The treatment plan is not reasonable and necessary
30I find the treatment plan for the neurology assessment, completed by a chiropractor, does not refer to a head injury, but rather includes a list of reported symptoms. The treatment plan does not mention a neurology assessment until the end of the appendix, which follows a summary of a psychological assessment. I find that there is a lack of reasoning provided in the recommendation for the assessment, as well as the goals of the treatment plan, are vague and unsupported by corroborating medical evidence.
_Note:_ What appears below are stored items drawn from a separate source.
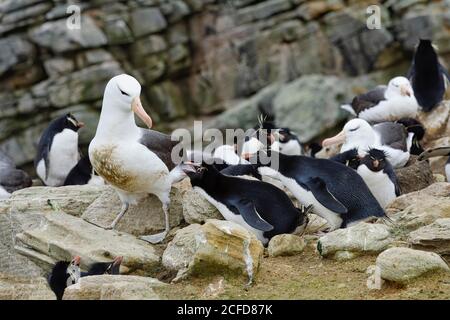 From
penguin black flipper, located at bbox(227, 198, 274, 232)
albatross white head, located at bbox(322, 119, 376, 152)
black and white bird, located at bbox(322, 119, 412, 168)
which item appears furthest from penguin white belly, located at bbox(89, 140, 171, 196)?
albatross white head, located at bbox(322, 119, 376, 152)

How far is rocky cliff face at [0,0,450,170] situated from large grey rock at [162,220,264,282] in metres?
14.6

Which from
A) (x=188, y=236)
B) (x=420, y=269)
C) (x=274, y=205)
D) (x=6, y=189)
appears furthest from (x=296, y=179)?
(x=6, y=189)

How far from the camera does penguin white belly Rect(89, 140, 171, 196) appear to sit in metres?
7.72

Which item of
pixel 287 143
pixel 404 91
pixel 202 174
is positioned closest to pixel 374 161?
pixel 202 174

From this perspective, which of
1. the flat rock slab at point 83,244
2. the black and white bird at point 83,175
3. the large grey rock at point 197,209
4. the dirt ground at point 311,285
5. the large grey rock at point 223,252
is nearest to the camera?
the dirt ground at point 311,285

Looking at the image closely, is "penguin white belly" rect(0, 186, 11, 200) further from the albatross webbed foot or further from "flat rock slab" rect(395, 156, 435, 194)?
"flat rock slab" rect(395, 156, 435, 194)

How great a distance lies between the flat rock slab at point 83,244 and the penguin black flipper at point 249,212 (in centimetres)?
83

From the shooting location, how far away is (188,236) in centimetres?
698

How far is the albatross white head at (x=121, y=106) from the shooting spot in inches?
304

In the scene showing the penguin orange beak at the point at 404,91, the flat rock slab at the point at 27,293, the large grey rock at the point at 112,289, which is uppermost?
the penguin orange beak at the point at 404,91

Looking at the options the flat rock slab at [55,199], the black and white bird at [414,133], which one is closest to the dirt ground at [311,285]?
the flat rock slab at [55,199]

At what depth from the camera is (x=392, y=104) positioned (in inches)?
471

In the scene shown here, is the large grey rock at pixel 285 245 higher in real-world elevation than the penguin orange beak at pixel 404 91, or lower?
lower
31The applicant submits that on October 20, 2022, Dr. Forbes, the applicant’s family doctor, referred her to a neurologist for an assessment with Dr. Pelikan, neurologist, which took place on December 1, 2022. I find that the assessment has been completed by an OHIP funded medical practitioner. Having already been completed the proposed treatment plan is duplicative and not reasonable and necessary.
32I find on the applicant has not proven on a balance of probabilities that the neurology assessment is reasonable and necessary.
Interest
33As there is no overdue payment of benefits, the applicant is not entitled to interest pursuant to s. 51 of the Schedule.
Award
34I find the respondent is not liable for an award under s.10 of Reg 664.
35The applicant sought an award under s. 10 of Reg. 664. Under s. 10, the Tribunal may grant an award of up to 50 per cent of the total benefits payable if it finds that an insurer unreasonably withheld or delayed the payment of benefits.
36The applicant submits that the respondent ignored medical evidence that supports the treatment plans, which has caused distress and has been detrimental to the applicant.
37The respondent submits the applicant has not provided evidence that the respondent acted in bad faith and unreasonably withheld benefits.
38I find that the respondent has not unreasonably withheld benefits, or acted in a manner that would attract an award because the denials of benefits were proper, for the reasons stated above.
39I find the applicant has not proven on a balance of probabilities that she is entitled to an award under s. 10 of Reg 664.
ORDER
40For the reasons above, I find the following:
The applicant is not entitled to a non-earner benefit.
The applicant is not entitled to $2,460.00 for a psychological assessment.
The applicant is not entitled to $2,460.00 for a neurological assessment.
No interest is owing.
The respondent is not liable to pay an award under s. 10 of Reg. 664.